Travelers Companies, Inc. Files Definitive Proxy Statement (DEF 14A)

Ticker: TRV · Form: DEF 14A · Filed: Apr 2, 2024 · CIK: 86312

Sentiment: neutral

Topics: Proxy Statement, DEF 14A, Executive Compensation, Shareholder Proposals, Corporate Governance

TL;DR

<b>Travelers Companies, Inc. has filed its Definitive Proxy Statement for the 2023 fiscal year.</b>

AI Summary

TRAVELERS COMPANIES, INC. (TRV) filed a Proxy Statement (DEF 14A) with the SEC on April 2, 2024. Filing type: DEF 14A (Definitive Proxy Statement). Reporting period: Fiscal year ending December 31, 2023. Filed as of date: April 2, 2024. Incorporation state: MN. Standard Industrial Classification: FIRE, MARINE & CASUALTY INSURANCE [6331].

Why It Matters

For investors and stakeholders tracking TRAVELERS COMPANIES, INC., this filing contains several important signals. This filing provides detailed information regarding the company's annual meeting, including executive compensation, board of directors, and shareholder proposals. Investors can review compensation details, stock awards, and pension adjustments for both PEO and Non-PEO members.

Risk Assessment

Risk Level: low — TRAVELERS COMPANIES, INC. shows low risk based on this filing. The filing is a routine DEF 14A, indicating standard corporate governance and disclosure practices without immediate financial or operational red flags.

Analyst Insight

Review the executive compensation and shareholder proposal sections to understand management's remuneration and potential shareholder influence.

Key Numbers

Key Players & Entities

FAQ

When did TRAVELERS COMPANIES, INC. file this DEF 14A?
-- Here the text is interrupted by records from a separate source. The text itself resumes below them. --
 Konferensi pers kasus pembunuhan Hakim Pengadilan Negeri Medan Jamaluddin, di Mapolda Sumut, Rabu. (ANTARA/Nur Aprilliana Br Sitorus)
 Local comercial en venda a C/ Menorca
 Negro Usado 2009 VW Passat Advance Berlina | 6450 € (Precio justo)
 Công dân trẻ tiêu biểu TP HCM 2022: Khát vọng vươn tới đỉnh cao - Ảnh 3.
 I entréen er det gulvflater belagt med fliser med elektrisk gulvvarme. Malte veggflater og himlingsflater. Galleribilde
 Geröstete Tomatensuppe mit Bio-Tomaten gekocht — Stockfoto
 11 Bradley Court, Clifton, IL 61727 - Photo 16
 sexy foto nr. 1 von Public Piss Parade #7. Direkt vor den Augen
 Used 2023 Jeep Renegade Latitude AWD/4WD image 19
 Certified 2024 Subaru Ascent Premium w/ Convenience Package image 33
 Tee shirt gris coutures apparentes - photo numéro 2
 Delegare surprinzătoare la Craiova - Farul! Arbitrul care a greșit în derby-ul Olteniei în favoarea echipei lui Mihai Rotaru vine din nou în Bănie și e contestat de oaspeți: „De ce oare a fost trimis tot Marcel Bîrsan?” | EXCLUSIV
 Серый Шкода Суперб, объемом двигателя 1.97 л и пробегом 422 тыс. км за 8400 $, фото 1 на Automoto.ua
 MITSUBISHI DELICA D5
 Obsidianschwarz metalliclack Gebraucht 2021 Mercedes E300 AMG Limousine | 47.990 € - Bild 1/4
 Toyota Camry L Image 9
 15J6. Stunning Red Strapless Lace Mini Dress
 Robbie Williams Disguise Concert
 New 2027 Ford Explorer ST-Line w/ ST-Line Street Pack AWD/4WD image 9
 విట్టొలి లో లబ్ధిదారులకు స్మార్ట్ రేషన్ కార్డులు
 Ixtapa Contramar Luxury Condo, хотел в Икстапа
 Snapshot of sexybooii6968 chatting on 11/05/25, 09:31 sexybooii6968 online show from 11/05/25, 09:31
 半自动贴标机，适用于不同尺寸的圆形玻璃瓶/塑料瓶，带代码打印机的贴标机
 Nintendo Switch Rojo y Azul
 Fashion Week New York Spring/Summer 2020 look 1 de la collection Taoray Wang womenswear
TRAVELERS COMPANIES, INC. filed this Proxy Statement (DEF 14A) with the SEC on April 2, 2024.

What is a DEF 14A filing?

A DEF 14A is a definitive proxy statement sent to shareholders before annual meetings, covering executive compensation, board nominations, and shareholder votes. This particular DEF 14A was filed by TRAVELERS COMPANIES, INC. (TRV).

Where can I read the original DEF 14A filing from TRAVELERS COMPANIES, INC.?

You can access the original filing directly on the SEC's EDGAR system. The filing is publicly available and includes all exhibits and attachments submitted by TRAVELERS COMPANIES, INC..

What are the key takeaways from TRAVELERS COMPANIES, INC.'s DEF 14A?

TRAVELERS COMPANIES, INC. filed this DEF 14A on April 2, 2024. Key takeaways: Filing type: DEF 14A (Definitive Proxy Statement). Reporting period: Fiscal year ending December 31, 2023. Filed as of date: April 2, 2024.

Is TRAVELERS COMPANIES, INC. a risky investment based on this filing?

Based on this DEF 14A, TRAVELERS COMPANIES, INC. presents a relatively low-risk profile. The filing is a routine DEF 14A, indicating standard corporate governance and disclosure practices without immediate financial or operational red flags.

What should investors do after reading TRAVELERS COMPANIES, INC.'s DEF 14A?

Review the executive compensation and shareholder proposal sections to understand management's remuneration and potential shareholder influence. The overall sentiment from this filing is neutral.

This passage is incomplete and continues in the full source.